En effet celui-ci était pensé comme un monde «inférieur», caractérisé par un fonctionnement mécanique basé uniquement sur les «lois naturelles» de l’instinct, qui plus est dirigé par le principe pseudo rationnel, hégémonique et monologique de la «loi du plus fort» (en dévoiement des démonstrations beaucoup plus subtiles et nuancées que Charles Darwin avait publiées dans la deuxième moitié du XIXe siècle, en particulier avec son ouvrage sur l’origine des espèces).

Depuis lors, quel chemin parcouru dans notre connaissance du monde vivant! On sait maintenant que ce ne sont pas seulement les grands singes (dont l’ADN est pour presque 99% identique à celui des humains) qui utilisent des outils ou qui ont des cultures propres à des groupes d’individus. Les découvertes concernant l’intelligence, les émotions, l’inventivité, la socialité et la coopération chez les espèces autres qu’humaines se succèdent non seulement auprès des mammifères les plus populaires (cétacés, éléphants…), mais aussi chez les oiseaux, poissons, céphalopodes, insectes et autres. De nouveaux univers fascinants s’ouvrent autour des modes d’organisation et de communication des plantes et des animaux. Et chaque jour on «découvre» un peu plus les incroyables rouages des interdépendances qui tissent le vivant, interdépendances dont l’espèce humaine ne saurait être affranchie.

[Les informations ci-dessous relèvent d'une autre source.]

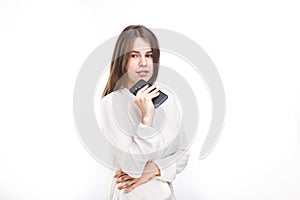 Portrait happy, smiling woman texting on her smart phone, isolated white background. Communication concept. Internet, phone addict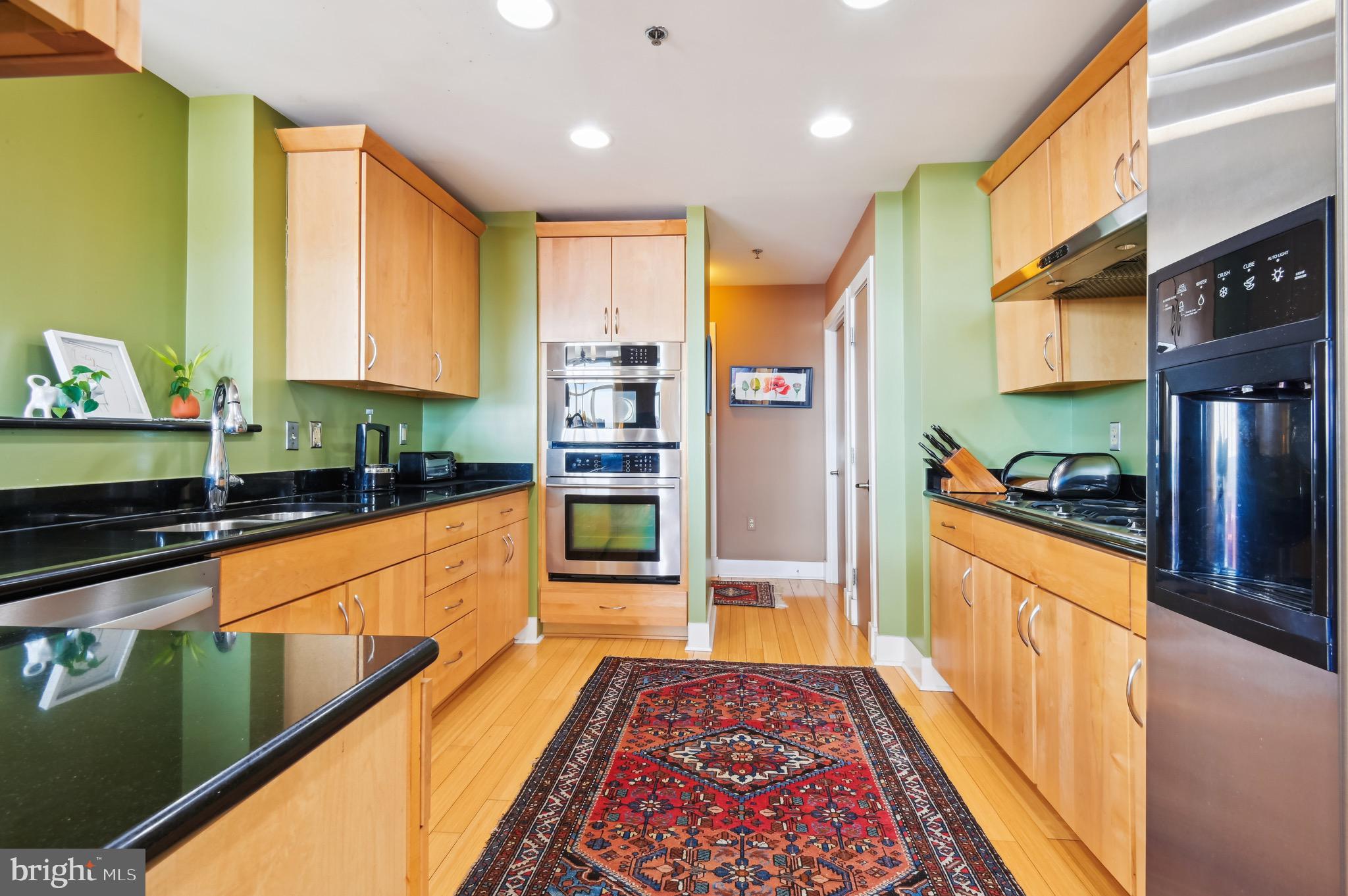 1400 Lancaster Street, Unit 605 Baltimore, MD 21231 - Photo 16 of 44 a large kitchen with stainless steel appliances granite countertop a refrigerator a stove top oven and a sink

Pourtant, les vieux schémas ont la vie dure, tellement ils sont ancrés dans notre culture occidentale, elle-même devenue hégémonique. Nous n’avons pas encore réussi à intégrer ces nouvelles connaissances dans notre rapport au vivant, ne serait-ce qu’avec les animaux. A l’échelle planétaire, on dénie toute sensibilité à la plupart des animaux d’«élevage» (un euphémisme qui cache trop souvent une réalité totalement industrielle, concernant les trois quarts de la biomasse animale terrestre): ils sont exploités comme de simples choses. Même la relation métabolique de leur consommation par les humains semble avoir été occultée par la relation purement marchande à laquelle le monde moderne a réduit les animaux de boucherie et de la pêche industrielle…

Jane Goodall a non seulement été une pionnière nous obligeant à révolutionner notre représentation scientifique de l’animal, et donc de l’humain qui pensait s’en différencier: elle a aussi contribué à dévoiler les causes de notre aveuglement. Il est urgent d’en prendre acte, car tout porte à croire que le fait même de considérer notre propre espèce comme extraordinaire soit la cause fondamentale de la destruction du vivant et de l’habitabilité de la Terre.

François Margot est ingénieur agronome, fondateur et ancien codirecteur du Parc naturel régional Gruyère Pays-d’Enhaut, Rossinière (VD).